Ahora el segundo hombre se está bajando con cuidado la manga de la camisa y abotonándosela de nuevo para que le cubra la muñeca del quiste, aunque Dean está seguro de que cuando se siente delante de sus declaraciones y la manga retroceda ligeramente, el borde de la penumbra roja del quiste sobresaldrá un poco del puño de la camisa, y de que el constante subir y bajar del puño de la camisa por encima del quiste tal vez sea en parte lo que le da ese aspecto rojo y dolorido; es posible que duela de forma leve pero asquerosa cada vez que el puño de la camisa del hombre sube o baja por encima del pequeño quiste de cuerno.

—Pero fue un día muy agradable. Hank y yo estábamos en el cuarto de la tele, que tiene unos ventanales de esos grandes que dan en parte al jardín de delante y en parte a la calle; había unos chavales de los vecinos yendo y viniendo en bicicleta por la calle y gritando y pasándoselo bomba. Así que decidimos, lo decidió Hank, qué coño, con el día tan bueno que hace, vamos a ver si las chicas quieren hacer una barbacoa. Y sacamos la barbacoa de Hank, una Weber grande con ruedas que se podía sacar rodando si la echabas un poco hacia atrás, de tres patas pero solo dos con ruedas… ya sabes, ¿no?

El segundo hombre se inclina un poco y echa un escupitajo entre dientes sobre la hierba del borde del hexagrama. Debe de rondar los cuarenta y tiene canas en el costado de la cabeza que Lane puede ver bajo la luz del sol. Lane Dean se imagina corriendo en el campo en un enorme círculo, agitando los brazos como Roddy McDowall.
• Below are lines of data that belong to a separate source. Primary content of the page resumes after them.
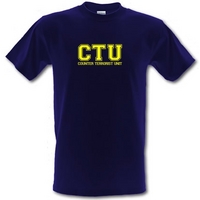 CTU male t-shirt.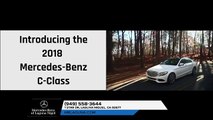 2018 Mercedes-Benz C-Class Dana Point CA | New C-Class Dealer Dana Point CA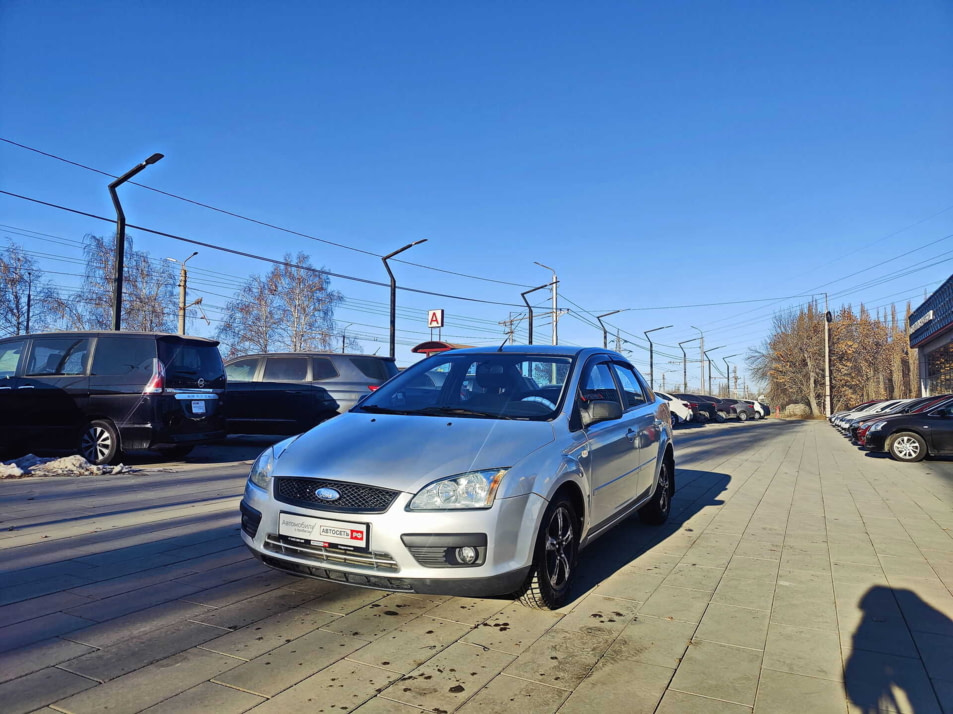 Автомобиль с пробегом FORD Focus в городе Стерлитамак ДЦ - Автосеть.РФ Стерлитамак (ГК "Таско-Моторс")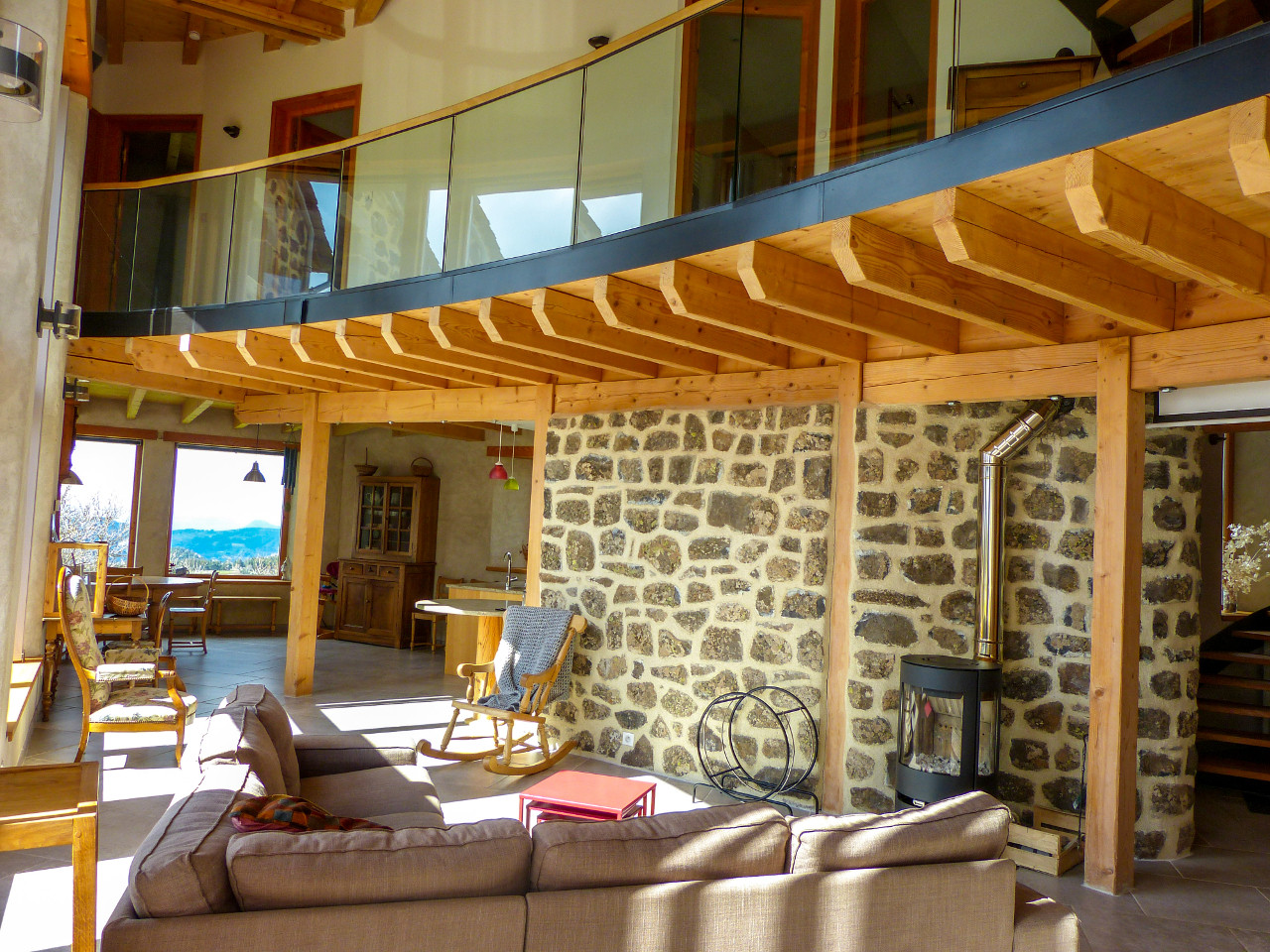 GreenGo Gîte Auvergne-Rhône-Alpes Évasion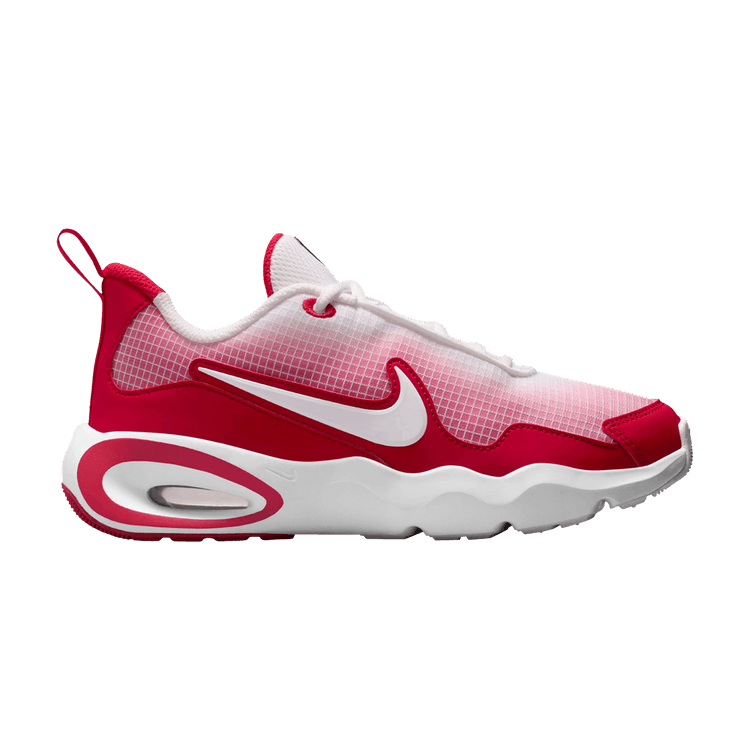 Nike Air Max Nova GS 'University Red' — University Red/White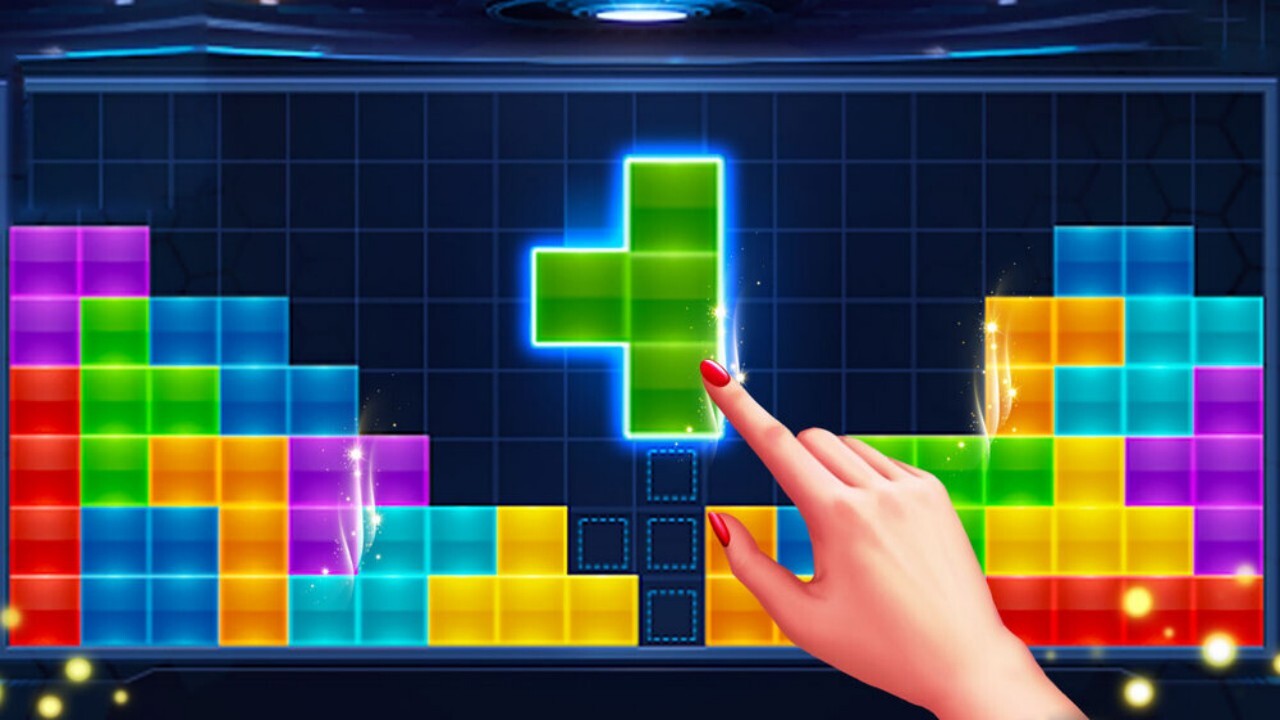 精彩截图-方块俄罗斯拼图2026官方新版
—O sea que lo hicimos, la sacamos rodando —dice el primer hombre—. Y en vez de escalfar el salmón lo hicimos a la barbacoa, aunque todo lo demás fue lo mismo, y Midge y Alice hablaron de dónde habían comprado el cuenco de la ensalada, que tenía todo el borde lleno de grabados, debía de pesar dos kilos y medio aquel trasto. Hank asó el pescado en el patio y nos lo comimos en el porche, por los bichos.

—¿Qué quiere decir? —pregunta Lane Dean, consciente del ligero matiz de histeria que tiene en la voz.
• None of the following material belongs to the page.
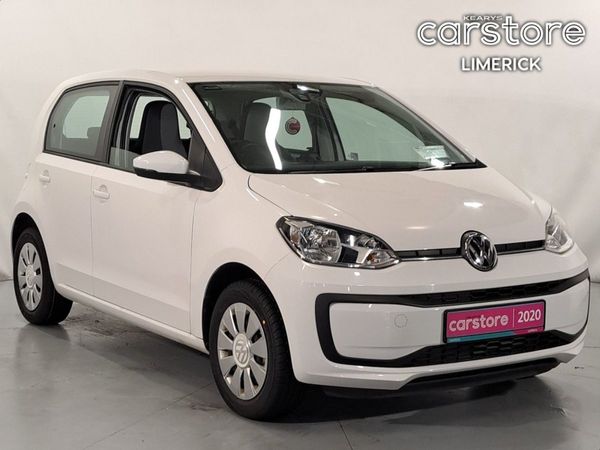 Volkswagen up! Hatchback, Petrol, 2020, White
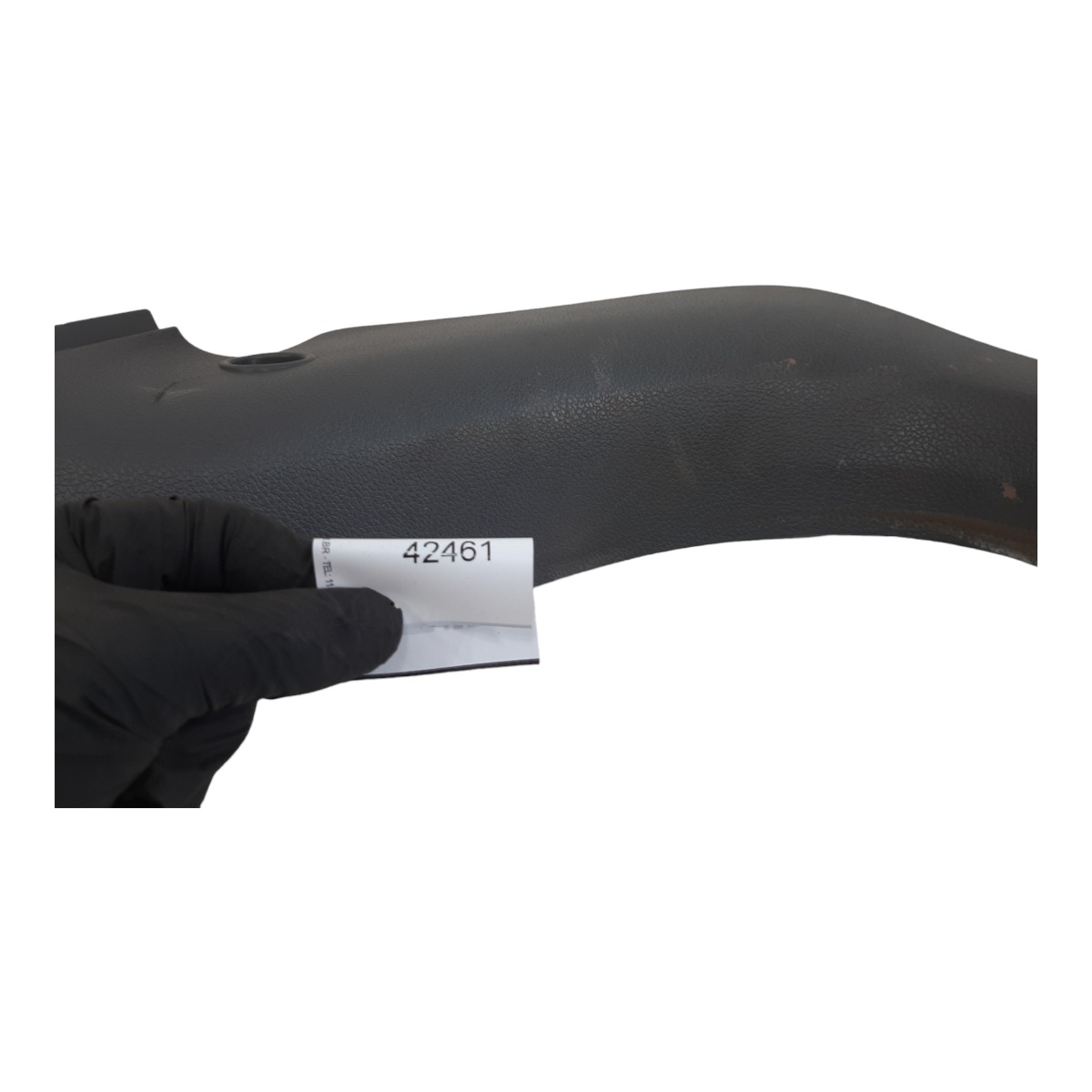 Soleira Interna Dianteira Esquerda Ford Focus 2009 A 2013 Cinza 6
—Bueno —dice el primer tipo, que es más corpulento—, que se estaba poniendo el sol. Los mosquitos vienen desde el campo de golf de Fairhaven. No nos íbamos a quedar sentados en el patio para que se nos comieran vivos. A nadie se le ocurrió siquiera comentar nada al respecto.

El hombre ve que Lane Dean lo sigue mirando, con la cabeza exageradamente inclinada para aparentar una curiosidad que no siente en absoluto.
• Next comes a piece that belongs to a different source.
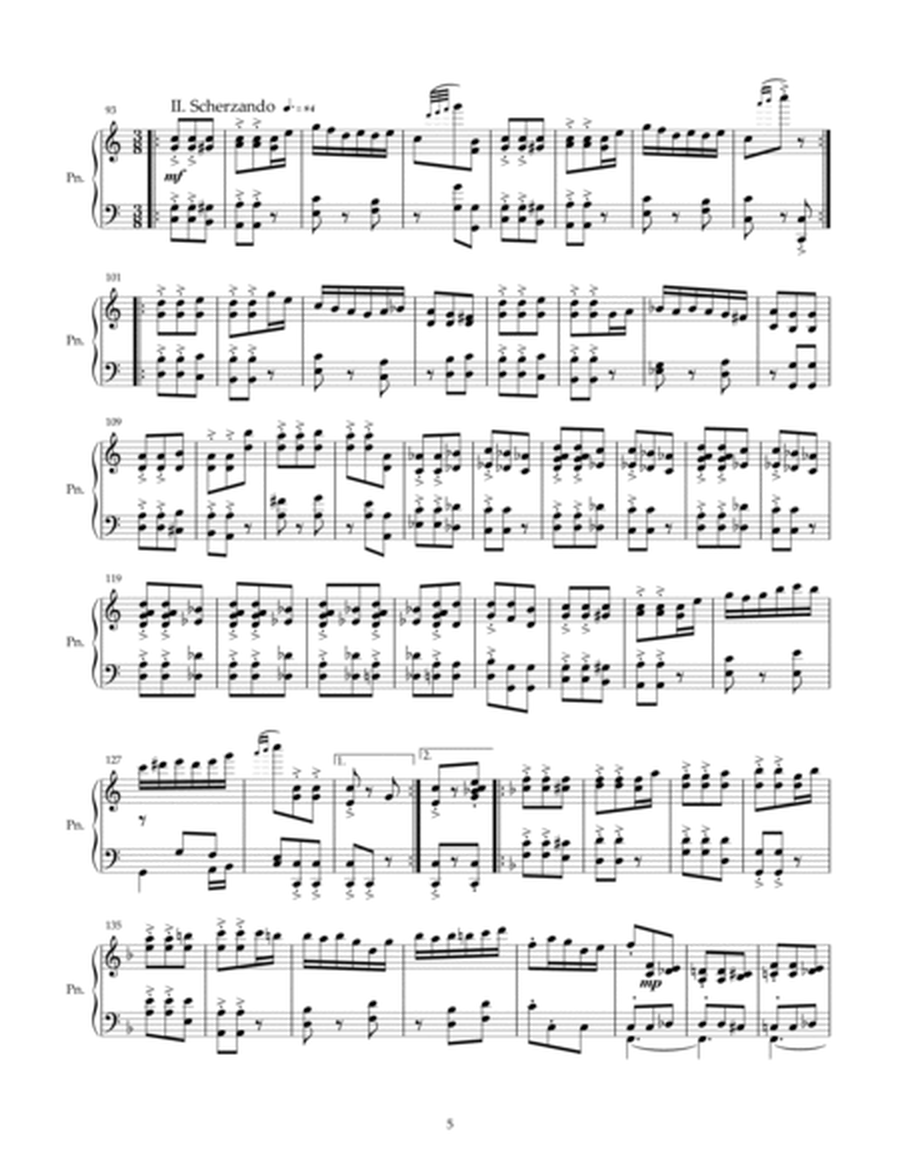 Piano Sonata no. 10 in F Minor image number null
—El porche es de los que tienen mosquitera.

El segundo hombre está mirando a Dean como diciendo: ¿Quién es este tío?

El hombre que había cenado en casa de la otra gente se ríe.

—Lo mejor de ambos mundos. Un porche con mosquitera.

—A menos que llueva —dice el segundo hombre.

Y los dos se ríen con aire afligido.